MRI has proved to be highly accurate in detection of meniscal injuries, with excellent arthroscopic correlation. A meta-analysis of published articles between 1991 and 2000 reported a pooled sensitivity and specificity of 93% and 88%, respectively, for medial meniscal tears and 79% and 96%, respectively, for lateral meniscal tears. Several factors, such as sample size, technical parameters, and accuracy of arthroscopic findings, the current reference standard, accounted for differences in accuracy. Reported sensitivity and specificity of conventional SE and FSE MRI at 1.5 T for diagnosing meniscal tears compared with arthroscopy ranges from 86% to 97% and 84% to 94%, respectively, for medial meniscus and from 70% to 92% and 89% to 98%, respectively, for lateral meniscus.
The diagnosis of meniscal tears has been based on two main criteria: linear intrameniscal signal intensity extending into the superior and/or inferior surfaces and morphologic alterations of the meniscus in the absence of prior surgery. To assist with correct classification of a tear, meniscal signal has been categorized into different grades: grade 0 consists of a normal, uniform, low-signal intensity; grade 1 consists of an intrameniscal globular or ovoid high signal that is not communicating with an articular surface; grade 2 consists of an intrameniscal linear or wedge-shape signal that is not communicating with an articular surface; grade 3a is an intrameniscal signal that equivocally contacts the articular surface; and grade 3b is an intrameniscal signal that clearly contacts the articular surface. Only grade 3 signal represents a tear. Grade 1 or 2 signal does not indicate a tear and is associated with normal vascularity in children and tissue degeneration in adults. There is a high probability for a meniscus to be torn when abnormalities in signal intensity or morphology are seen in two or more MR images and considerably less likely to be torn when abnormalities are seen in only one MR image. De Smet et al. have presented these findings as the “two-slice-touch” rule and have found an increase in positive predictive values (PPVs) compared with the standard diagnostic criteria using one or more MR images. In their study the PPV increased from 91% to 94% for medial meniscal tears and from 83% to 96% for lateral meniscal tears.
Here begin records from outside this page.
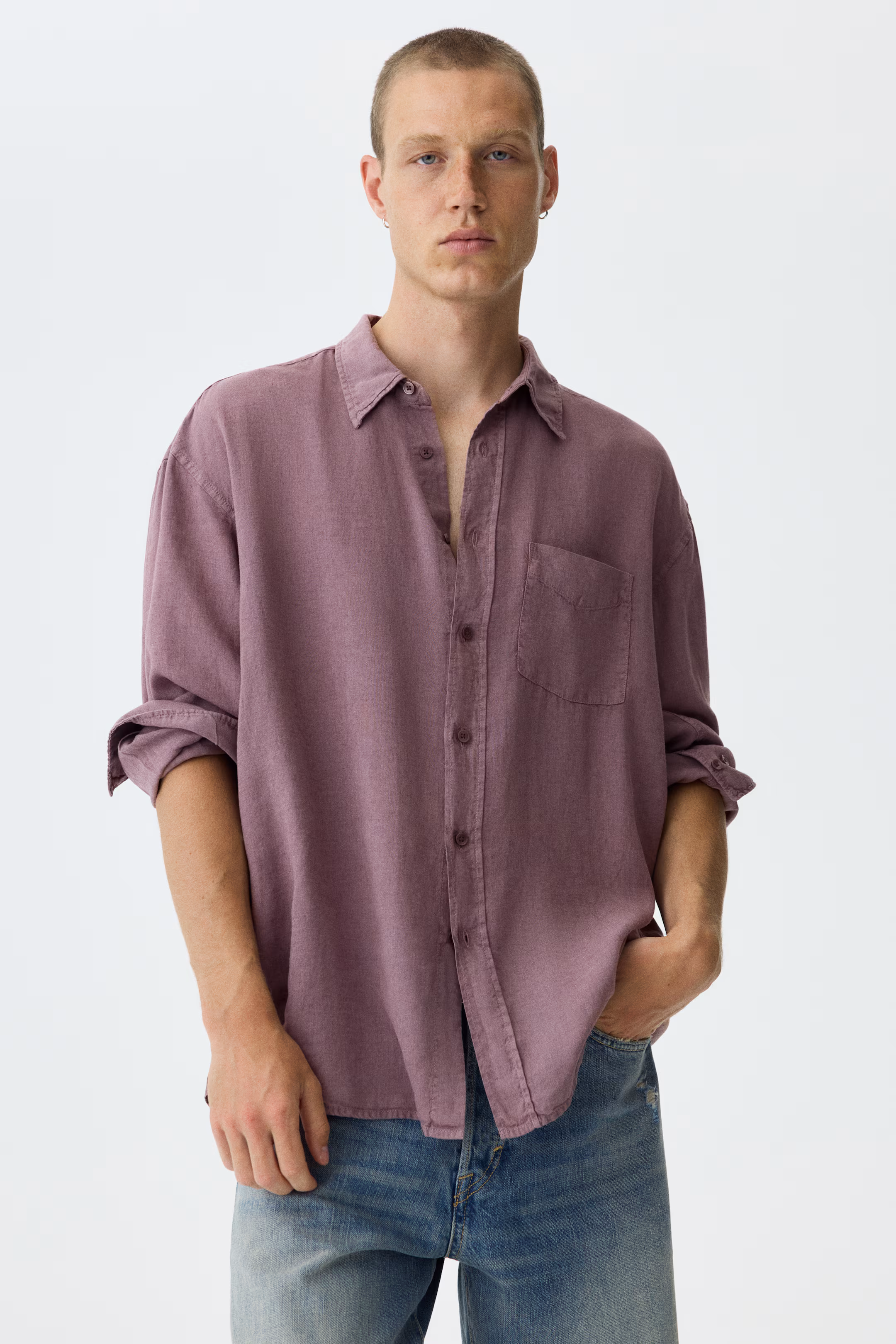 Relaxed Fit Linen-blend shirt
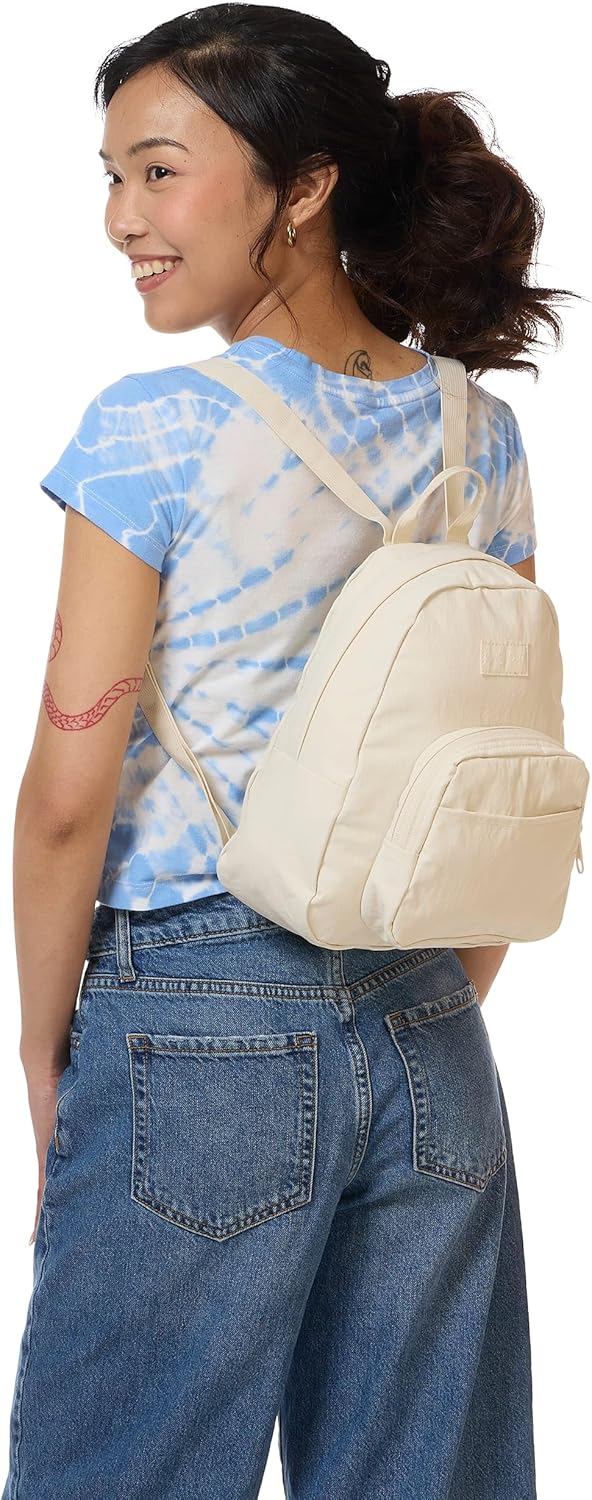 JanSport Half Pint FX Mini Backpack, 10.2 L - Durable Mini Bag Purse with Adjustable Shoulder Straps, Single Main Compartment, Zippered Stash Pocket, Soft Nylon - Moon Flower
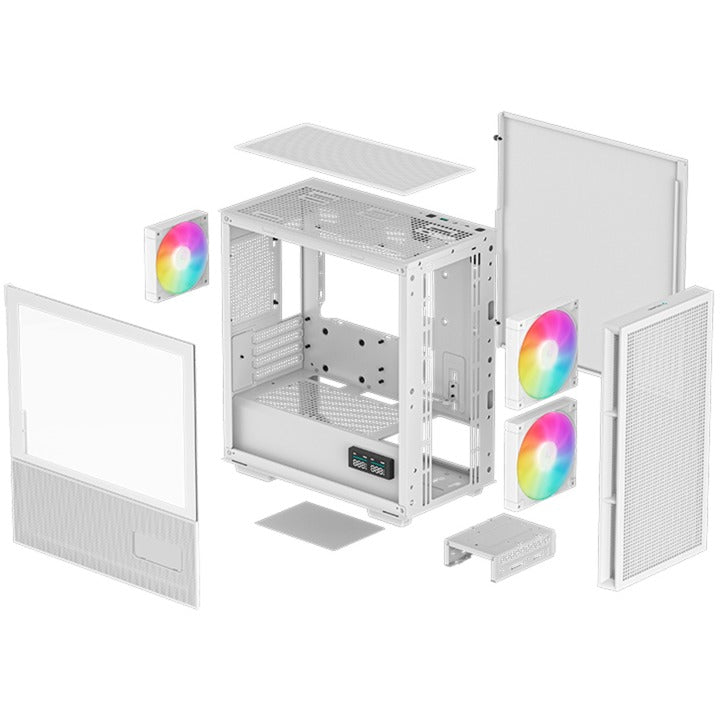 DeepCool ch360 digital mini tower behuizing (wit | 1x usb-a | 1x usb-c | rgb | tempered glass)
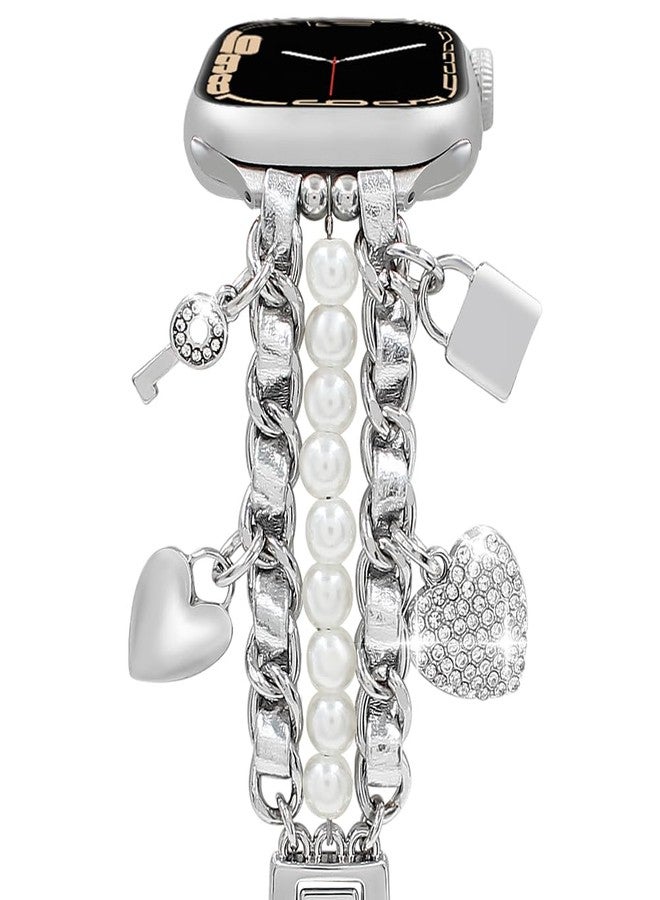 YONWORTH Pearl Beaded Bands Compatible with Apple Watch 42 44 45 46 49mm Women,Cuban Chain Wristband with Cute Charms Pendants for iWatch Series 10 9 8 7 6 5 4 3-1 Ultra SE (Key-Silver, 49mm) - Image 4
Despite the high accuracy of MRI for diagnosing tears, false-positive diagnoses still occur and are more common in the medial meniscus than in the lateral meniscus. False-positive diagnoses are frequently associated with longitudinal, root ligament and radial tears compared with bucket-handle, complex, flap, and horizontal tears, with complex tears having the lowest frequency of false-positive diagnosis. Of all the meniscal tear types, longitudinal tears have the lowest reported PPV, especially those located at the meniscocapsular junction. Spontaneous meniscal healing may contribute to a false-positive diagnosis, particularly in those cases in which arthroscopy is performed 6 weeks after the MR examination. The sensitivity of MRI for diagnosing meniscal tears has been consistently lower for lateral meniscal tears compared with medial meniscal tears and may vary with tear location, extension, and type. It has been shown that tears that involve one-third or less of the meniscus, tears located at the posterior horn, or longitudinal type tears are the most frequently missed meniscal tears in the lateral meniscus.